Carlota de Barros – Sonho Sonhado
Ricardo Riso
Resenha publicada no semanário A Nação, n. 227, p. E21, de 5 de janeiro de 2012
A primeira percepção positiva do terceiro livro de poesia de Carlota de Barros é a ousadia, que complemento como dever cívico a Cabo Verde, em razão da edição trilingue em língua materna cabo-verdiana, português e inglês. O primeiro livro de poesia com essa característica em seu país. “Sonhu Sunhadu”, “Sonho Sonhado”, “Dreamt Dream” é uma republicação ampliada do IBNL, ano de 2010, contém 55 poemas, prefácio de Teobaldo Virgínio, tradução para a língua materna de Viriato de Barros e Maria Sedovem Kemp, para o inglês.
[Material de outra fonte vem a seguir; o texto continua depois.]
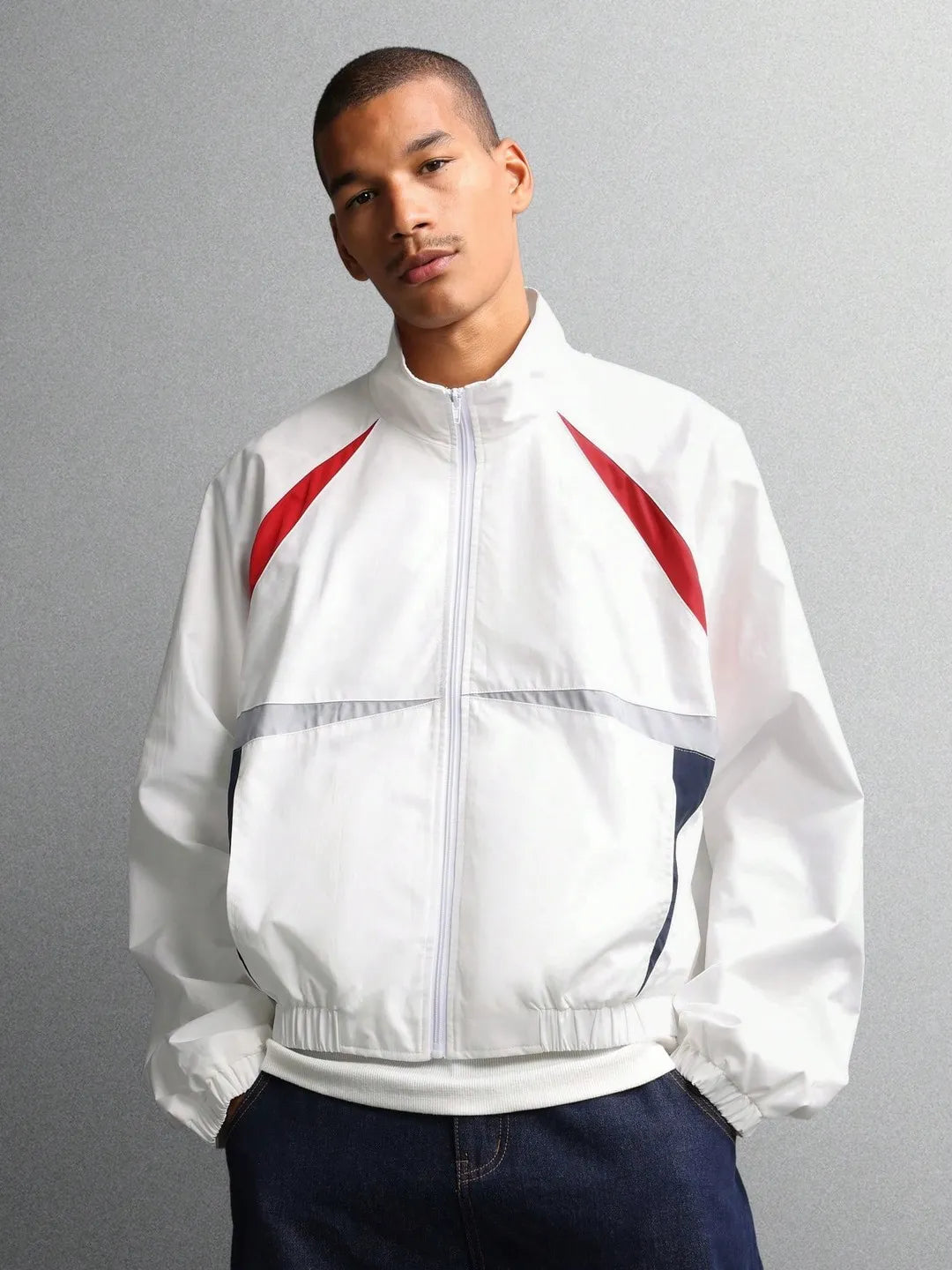 Person wearing a white jacket with red accents on a gray background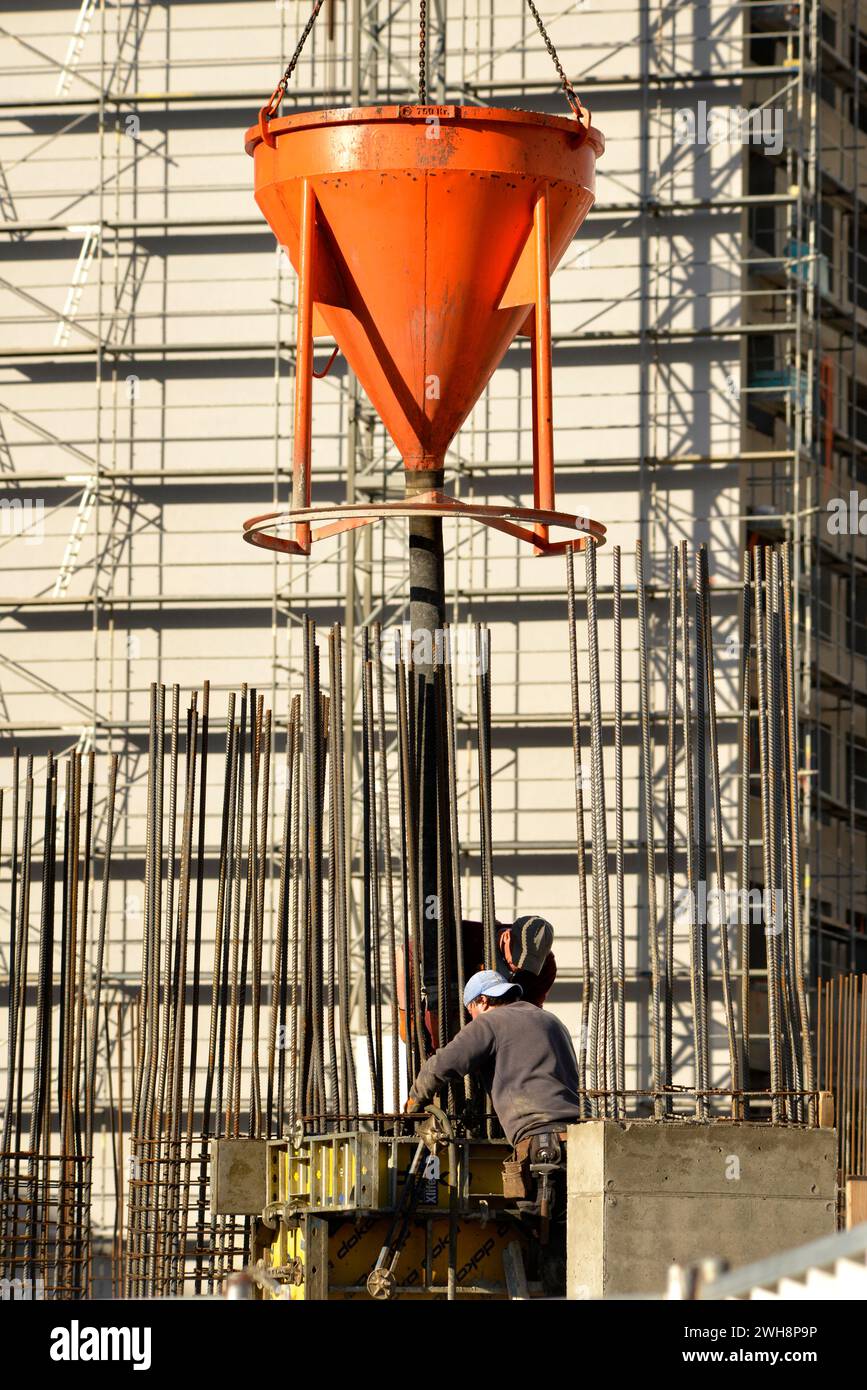 Baustelle, Bauarbeiter, Gießen von Betonmischungen, Bewehrungsformen, Gießen von Zementmischungen, Baustelle, Beruf, Fülltrichter Stockfoto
Carlota de Barros Fermino Areal Alves nasceu na Ilha do Fogo em 24 de Janeiro de 1942. Durante a infância viveu nas Ilhas do Fogo, Brava, S.Nicolau e S.Vicente. Em 1949 mudou-se, com a família, para Moçambique onde permaneceu até 1957, ano em que partiu para Portugal. Neste país licenciou-se em Filologia Germânica, na Faculdade de Letras da Universidade Clássica de Lisboa. Mora em Portugal desde 1974, mas visita constantemente o seu país.
Carlota de Barros é colunista do Jornal Artiletra, tem textos publicados na Revista Pré-Textos e em outras revistas de Letras e Artes. Em 2000, lançou o seu primeiro livro de poesia, “A Ternura da Água”; em 2003, “A Minha Alma Corre em Silêncio”.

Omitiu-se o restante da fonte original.